Friday 22 September 2006, by Webmaster

A middle-aged mom labors to stay in the know on pop culture.

IN THE SAME WAY that we middle-ageds go to great lengths to hide our advancing waistlines, thinning hair and increasing forgetfulness, I have been for some time now faking a vibrating cellphone or fumbling conveniently in my purse when pop culture references are made. As deluded as any mom doing the Robot at her daughter’s Sweet Sixteen, I thought myself hip for culting on "Buffy the Vampire Slayer." I smirked knowingly at the Scoobies’ updated Ridgemont High-slang and indulgently dug the angsty-goth bands that played at Buffy’s fave dance spot, the Bronze.

I didn’t recognize the bands, felt no need to run out and buy their CDs, but hey - I’m black and 47. So I get outta jail free for my willingness to groove to both Michelle Branch (whose name I had to snag from the "Buffy" TV credits) and Louis Armstrong, right?

Turns out, not so much.
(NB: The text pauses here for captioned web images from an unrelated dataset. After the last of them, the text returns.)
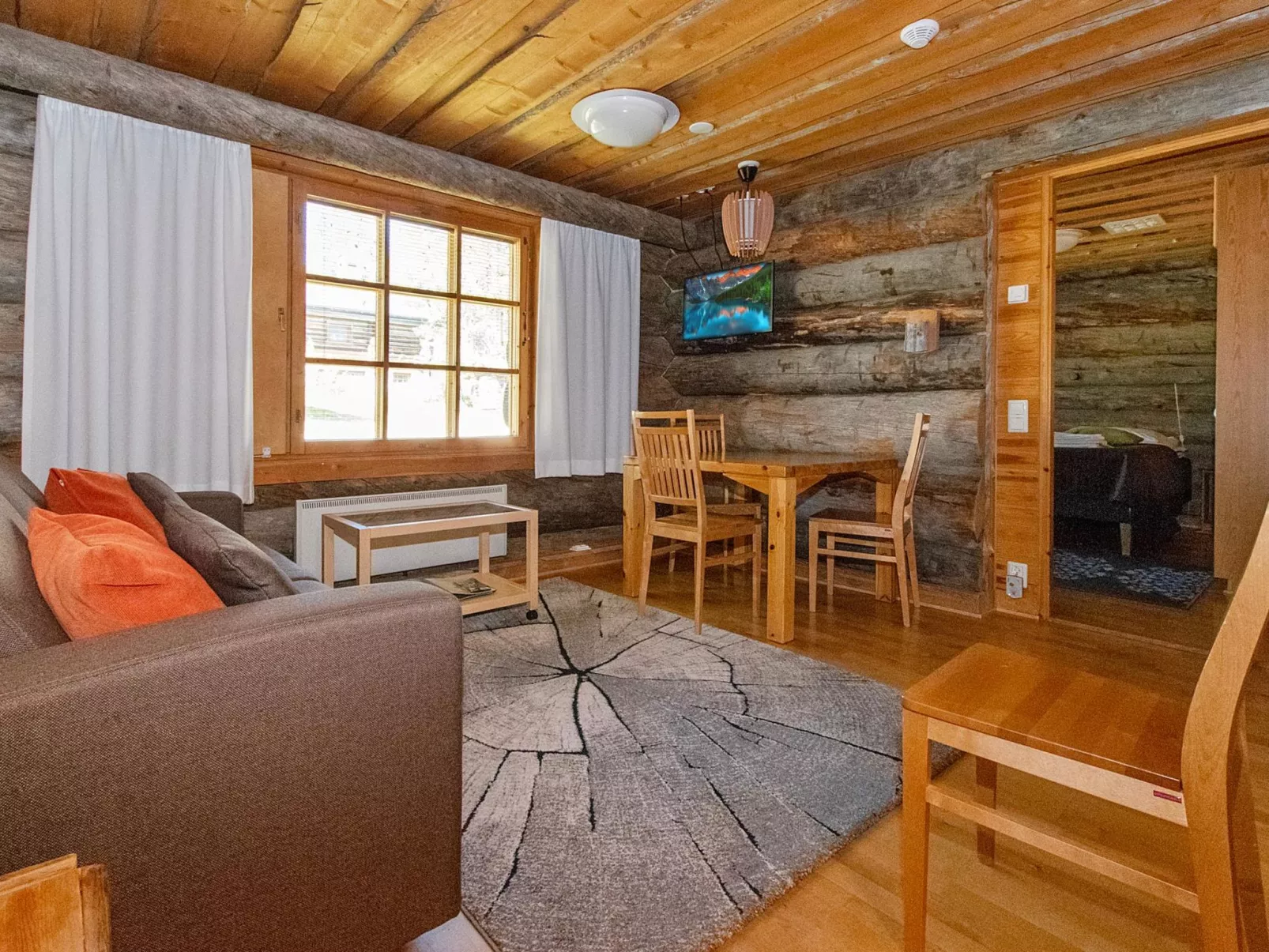 Sokosti - puilakka 4-Drinnen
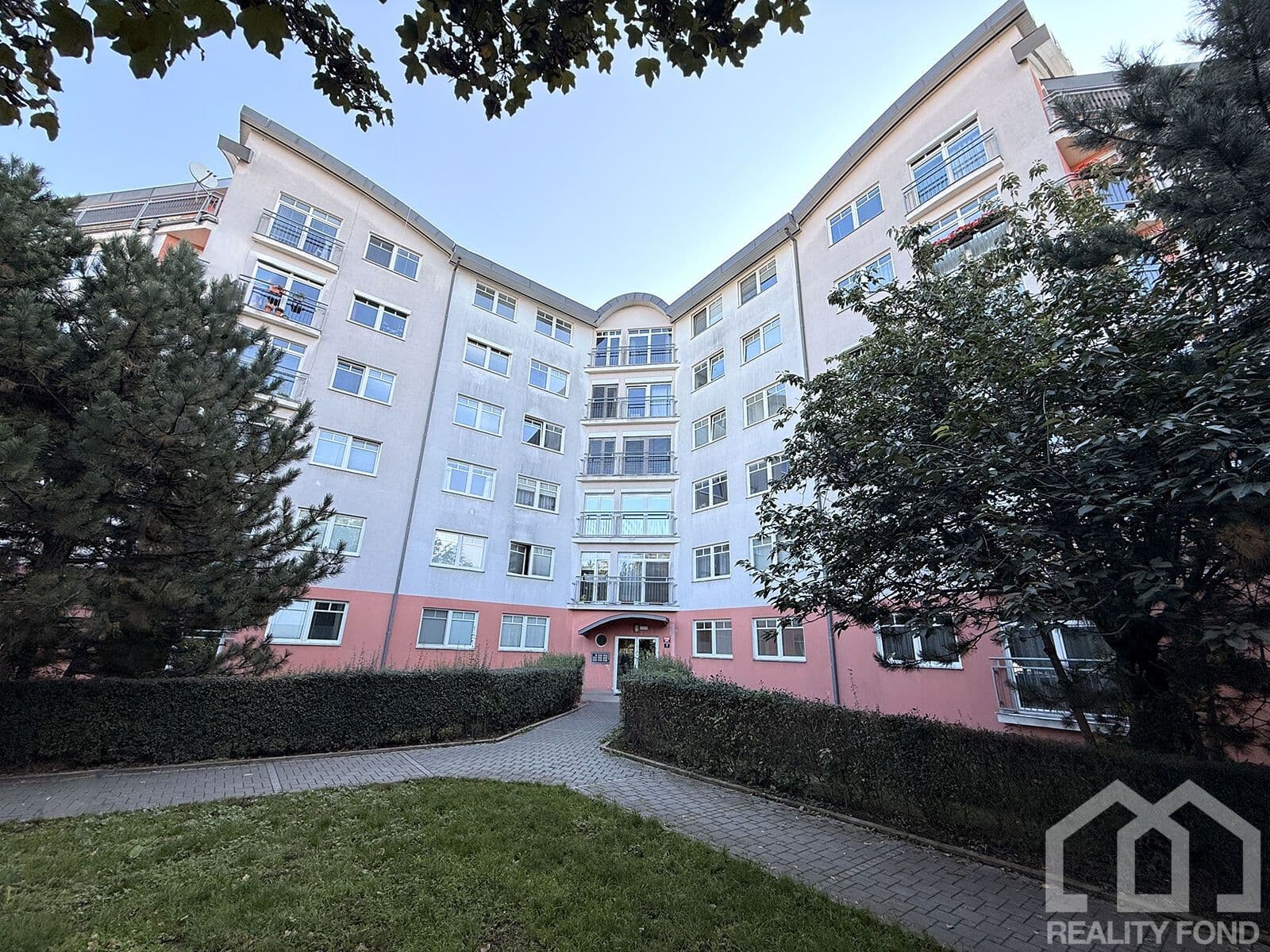 Pronájem bytu 2+kk 43 m², Přípotoční, Praha, Praha Pronájem bytu 2+kk 43 m², Přípotoční, Praha, Praha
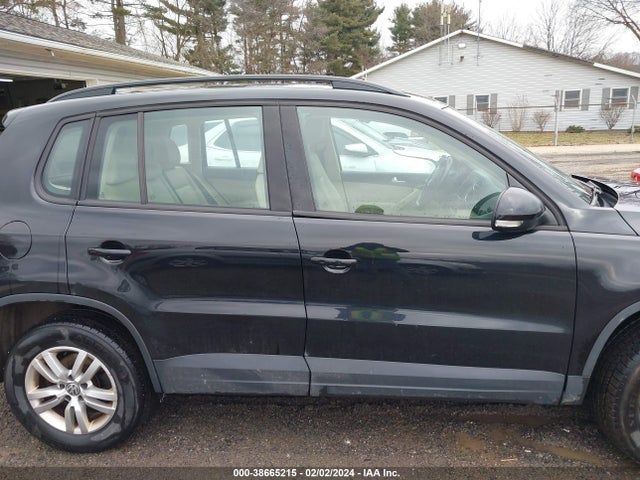 WVGBV7AX9HK019253 Volkswagen Tiguan 2.0t/2.0t S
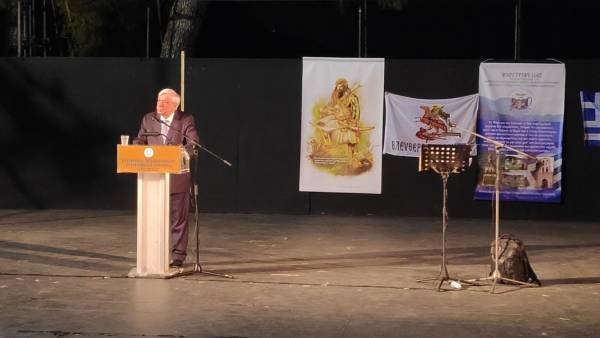 Παυλόπουλος: "Το παράδειγμα των Ντρέδων υπενθυμίζει το δικό μας χρέος για την πατρίδα" (βίντεο)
Black may not crack, but it does creak.

I read a great many periodicals (one or two online even!), and they’ve been flush recently with a heads-up on the new TV season. Where I once digested all that along with Harper’s and felt proud to be both cerebral and earthy, my gut reaction now, once I locate one of my many disappearing pairs of reading glasses, veers between annoyance (how the hell am I supposed to tell all those stick-figure blonds apart?) and panic (did I just make my mom’s disapproving "humphf" tooth-suck sound?).

When, in my youth, I turned my nose up at "The A-Team" and "Dynasty," then later at the "90210" brand, I felt wise beyond my years. Superior. But in my 20s through early 30s, when I was mostly abroad or too ambitious to sit still for long, I stalwartly denied myself the instant gratification of "Twin Peaks" and Eddie Murphy’s "Saturday Night Live" years. Like any snob, I dined out on my cultural blind spots, feigning a Parisian ennui as I changed the subject from David Lynch to the Louis Malle movies I rented, from "Mr. Robinson’s Neighborhood" to grad schools and fellowships.
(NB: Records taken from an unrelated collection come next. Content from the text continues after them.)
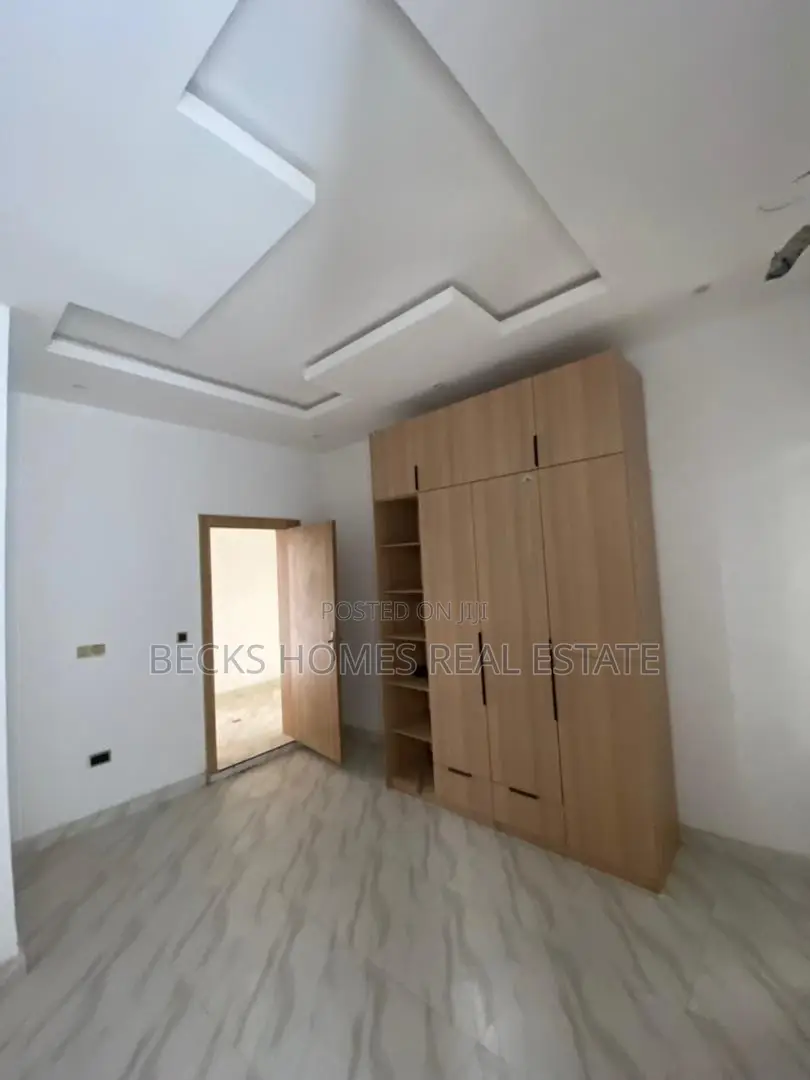 Furnished 4bdrm Duplex in Magodo for sale in Magodo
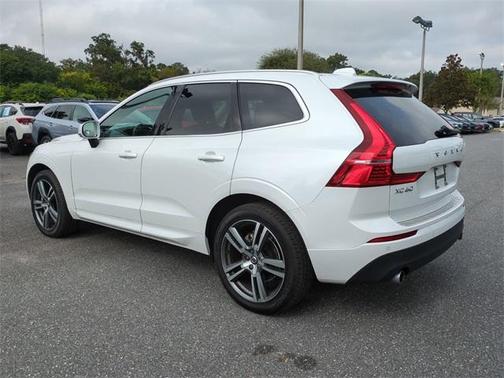 2020 Volvo XC60 T5 Momentum
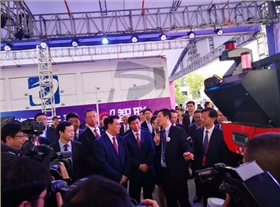 各領導親臨杭叉集團展示區 各領導親臨杭叉集團展示區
Now though, I’m passing on "Lost" just because I’m too stubborn to admit I was wrong about it, and "Deadwood" because the violence and profanity exhaust me. And what if my kids are only feigning sleep? I’m also passing on quality entertainment because I’m just no longer on the right cultural wavelengths, for oh-so-many reasons and not always by choice.

TV worries me now, and not just for my preschoolers’ sake. God help me: I see the tube, with its beckoning to "invest" in 52 inches of wardrobe malfunctions and tuition-level monthly fees, as I do the baby-sitter with one too many tattoos. Does she bring a bourgeois family’s much-needed shot in the arm or is that the bulge of a hypodermic needle I spy in her hipster’s low-slung messenger bag (which could use a good washing)?
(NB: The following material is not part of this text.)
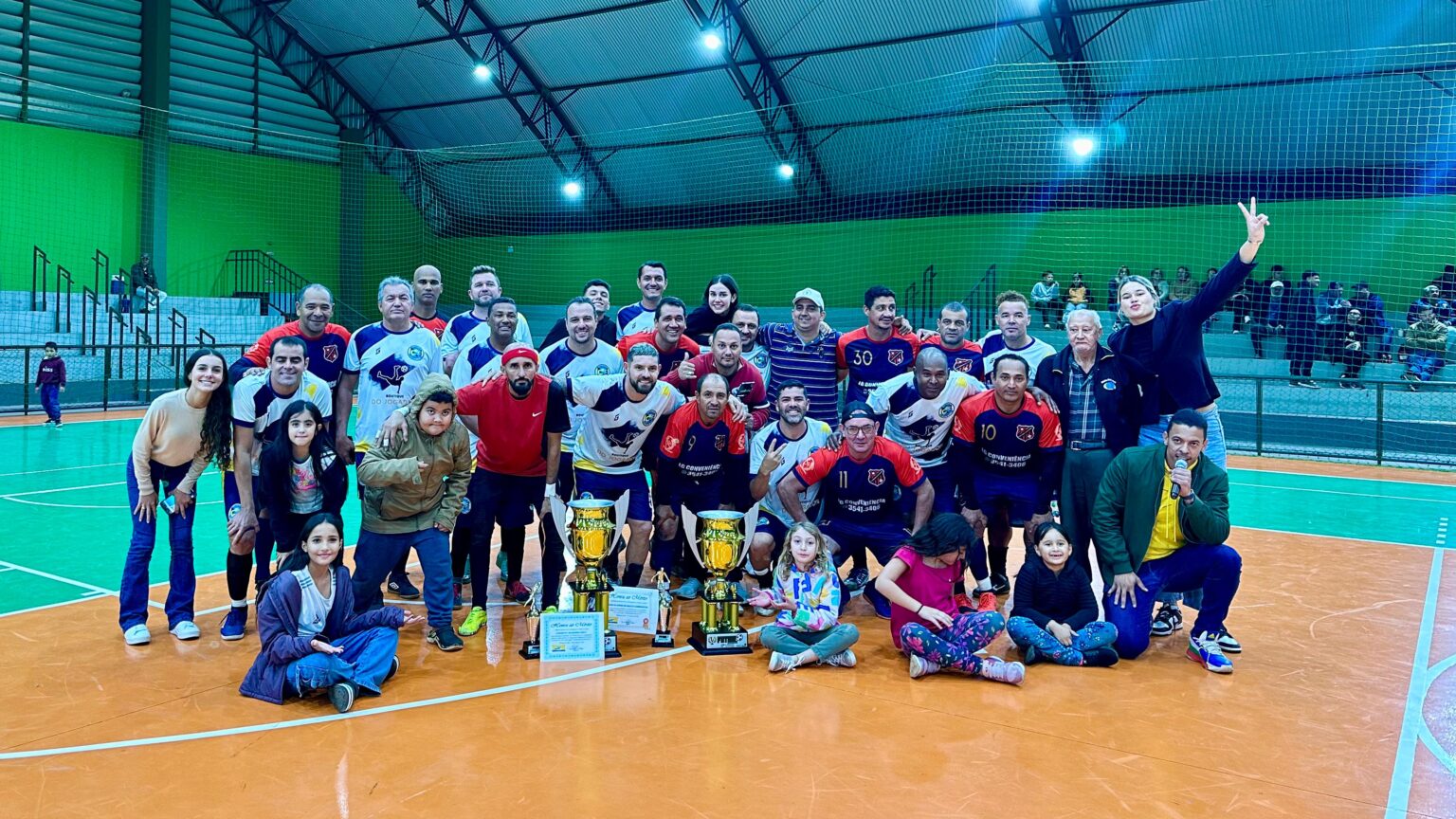 Equipe Transportadora Oliveira é campeã do Campeonato de Futsal Máster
Mine was a conscious refusal to degrade myself with "Desperate Housewives," but I was shocked recently to learn that "Nip/Tuck" just began its fourth season. Wasn’t that canceled? I’d watch "Weeds" or anything with that funky grown-up, Mary-Louise Parker, in it. Except that premium cable is an extravagance, and there ain’t no money tree in the backyard.

Oh dear. That’s what Daddy always said. When did I become Grandpa Simpson?

My flickering connection to pop culture saddens, frees and humbles me. Only a gun to my head could have made me watch the recent MTV Video Music Awards, but I’m so unfamiliar with today’s music that I Googled a list of winners twice before I noticed that it was from 2004. I diligently scanned the correctly Googled list, but it may well have been another one of those Onion hoaxes for all I knew. Avenged Sevenfold? Chamillionaire? Ringtone of the year? Best videogame soundtrack?

When you don’t even recognize the categories, it’s time to admit that you’ve been hip-checked. So be it. Confession is such a relief. Hi, I’m Debra, and I haven’t recognized the bands on SNL for years now.

Guess it’s just as well that I can’t stay awake long enough to hear them anyway.